The most important thing for a community is to see each other, to have the ability to look into each others’ eyes and ask for help thus acknowledging our interdependence. The image capturing this idea is a circle of African kids sitting with their legs stretched into the circle, toes touching, feet connected. It is the beginning of class for them, which includes going around the circle to tell stories. A village that builds on this is a sustainable place and reflects the sensibility of the people who live in the place.
In contrast to this stands the grid system the Romans imposed upon the conquered villages and cities – imposed precisely because it is easier to dominate and control people who live on a grid. The grid breaks the connections. It alienates the (social) intelligence from the culture. Many empires adopted this grid-system to design their villages and cities, including the Spanish in Mexico. There is one crucial difference between these grids and those used in the US: The Mexican grid required at least one public space. The US grid does not even contain that. The result is disastrous: The US has the lowest number of social gathering places and, thus, the highest social isolation, with its accompanying problems, including higher suicide and crime rates.
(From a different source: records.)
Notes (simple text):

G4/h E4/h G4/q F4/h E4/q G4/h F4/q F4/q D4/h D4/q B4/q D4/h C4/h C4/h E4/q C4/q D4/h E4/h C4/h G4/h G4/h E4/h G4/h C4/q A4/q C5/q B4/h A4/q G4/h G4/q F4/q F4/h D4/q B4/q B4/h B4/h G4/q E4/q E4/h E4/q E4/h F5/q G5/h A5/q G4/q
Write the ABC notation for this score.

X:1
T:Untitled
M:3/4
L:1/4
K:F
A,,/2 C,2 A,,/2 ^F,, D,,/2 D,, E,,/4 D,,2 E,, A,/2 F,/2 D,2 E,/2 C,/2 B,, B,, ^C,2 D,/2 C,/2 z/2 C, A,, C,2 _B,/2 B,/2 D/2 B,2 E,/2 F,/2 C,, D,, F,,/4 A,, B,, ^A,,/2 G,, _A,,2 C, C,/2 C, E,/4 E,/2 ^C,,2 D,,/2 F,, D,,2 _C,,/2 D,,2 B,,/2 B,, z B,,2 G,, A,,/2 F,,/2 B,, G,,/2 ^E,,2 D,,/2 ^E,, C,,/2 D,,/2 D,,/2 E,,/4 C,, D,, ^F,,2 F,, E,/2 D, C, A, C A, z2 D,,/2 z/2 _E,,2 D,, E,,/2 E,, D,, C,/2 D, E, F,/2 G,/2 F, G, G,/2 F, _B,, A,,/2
The grid has another (capitalist) advantage: It moves a culture from an ecology to an economy. People living on a grid are workers who through zoning are separated from their work place (zoning requires that we have to commute to work). Intersections are no longer places to mingle but are places to pass through.
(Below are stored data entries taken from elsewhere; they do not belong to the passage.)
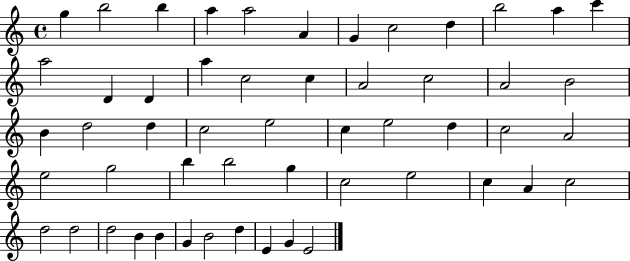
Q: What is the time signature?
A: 4/4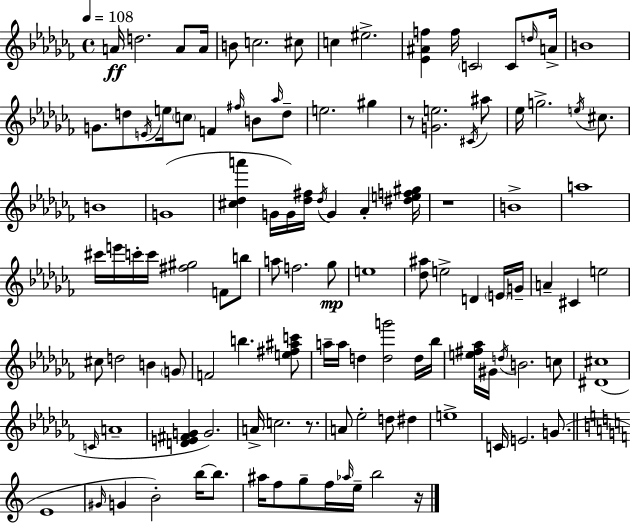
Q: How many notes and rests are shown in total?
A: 116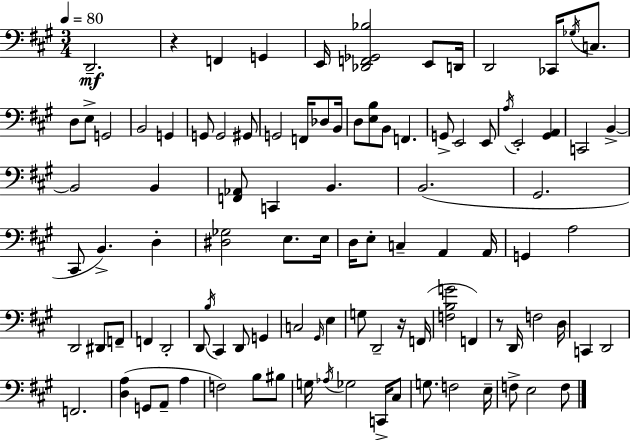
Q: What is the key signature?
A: A major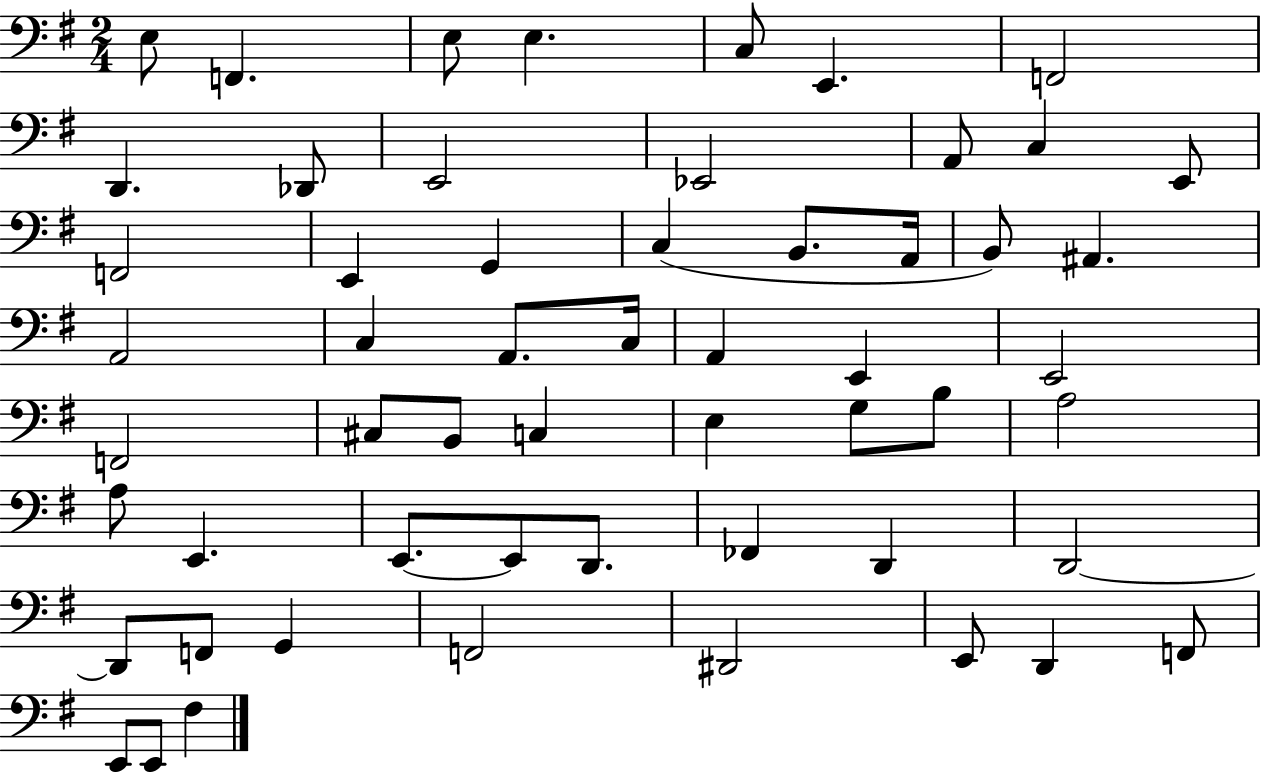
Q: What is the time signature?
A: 2/4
To counteract the effects of the grid we have to de-grid our cities. We can do this by first reclaiming our power: We don’t have to wait for The Powerful to change something. We can simply reach out and start by redesigning an intersection. The goal is to create an geomorphic village that has pathways connecting nodes around the fabric of the housing. The nodes function as gathering places – they allow us to look each other in the eyes and remind us that we are the village (or neighborhood). The first step in this process is to get people out of the house and get them excited about reclaiming their neighborhoods. City Repair does that by closing down intersections and then painting on them to create a space to connect with neighbors – and the work of redesigning the intersection is itself connecting. This is done strategically in public places to plant the seeds for connecting communities – for creating geomorphic areas that spread throughout a modern city transforming the grid into a collection of neighborhoods centered around public meeting spaces. This process seems to work best with the involvement of children because they are still connected with their natural sense of adventure that can bridge the grid-divide. The process builds on our inclination to work with metaphor. What we paint on the intersection, what stands and benches we place around it, become metaphors that help us reconnect to each other. City Repair functions primarily as facilitators helping people relearn how to ask for help and thus engender relationships. To start, it’s best to get together with people in a neighborhood and test the waters to see their receptivity. But most importantly: Just start and figure out how to do things as you go along.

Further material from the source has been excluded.